Capcom revela que los enemigos infectados de Resident Evil Requiem conservarán rasgos de su vida pasada, influyendo directamente en su comportamiento. Esta decisión de diseño busca sorprender al jugador, generar tensión impredecible y reforzar el horror moderno mediante interacciones dinámicas entre enemigos, sin caer en lo absurdo, manteniendo el delicado equilibrio entre miedo y espectáculo.
Capcom revela que los enemigos infectados de Resident Evil Requiem conservarán rasgos de su vida pasada, influyendo directamente en su comportamiento.

Esta decisión de diseño busca sorprender al jugador, generar tensión impredecible y reforzar el horror moderno mediante interacciones dinámicas entre enemigos, sin caer en lo absurdo, manteniendo el delicado equilibrio entre miedo y espectáculo.
Resident Evil Requiem introducirá una nueva filosofía en el diseño de enemigos, según explicó Koshi Nakanishi, director del juego, en entrevistas recientes con el medio japonés 4Gamer.
Los infectados ya no serán simples amenazas homogéneas, sino entidades que conservan fragmentos de su personalidad previa a la infección, lo que se refleja en su comportamiento, reacciones y prioridades dentro del combate.

Esta idea parte de la premisa de que cada enemigo fue una persona con rutinas, responsabilidades y gestos propios, algo que el equipo quiso trasladar al gameplay.
Algunos infectados se obsesionan con objetos, espacios o acciones relacionadas con su antigua vida, generando patrones inesperados que obligan al jugador a adaptarse constantemente y a leer el entorno con mayor atención.
Otro pilar clave es la llamada “sinergia entre enemigos”, un sistema donde las acciones de un infectado pueden influir directamente en otros.
Esto puede provocar reacciones en cadena, cambios de ruta o comportamientos emergentes.
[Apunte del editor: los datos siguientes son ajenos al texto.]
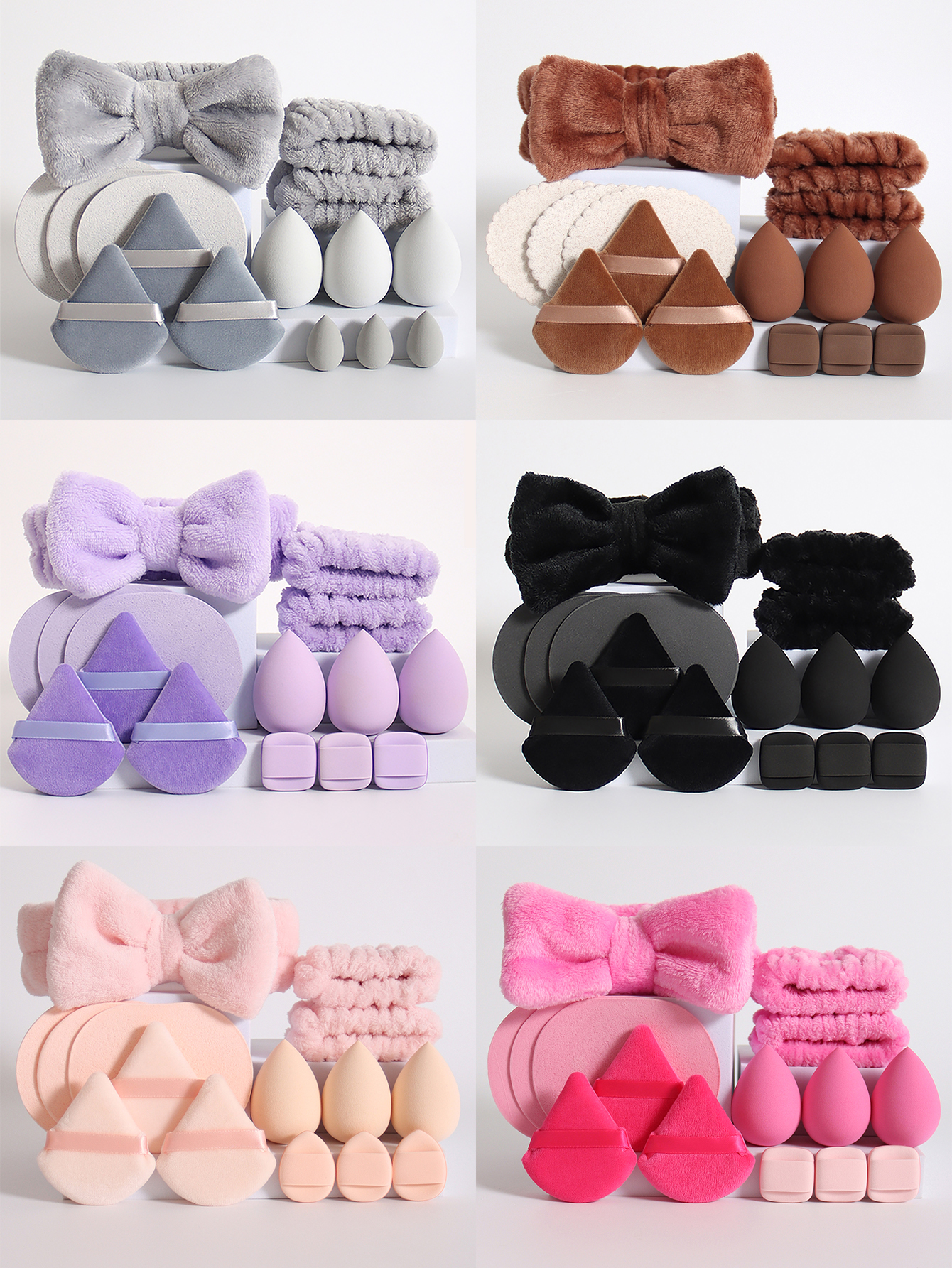 15° Zd Cosmetische Bladerdeeg Make-up Spons Blender Beauty Egg Foundation Sponzen Bladerdeeg Wassen Gezicht Hoofdband Polsband Make-up Accessoires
Nakanishi reconoció que el sistema fue ajustado durante el desarrollo, ya que la interacción excesiva podía romper la atmósfera y cruzar la delgada línea entre el terror y lo cómico.
Este enfoque se conecta con otras decisiones de diseño, como la capacidad de los infectados para usar herramientas, incluidas armas como la motosierra.

Los enemigos pueden recoger objetos del entorno o reutilizar armas caídas, lo que refuerza la sensación de que conservan memoria funcional de su pasado.
Capcom busca así evolucionar el concepto clásico del zombie, apostando por enemigos menos predecibles, más expresivos y con un peso narrativo implícito.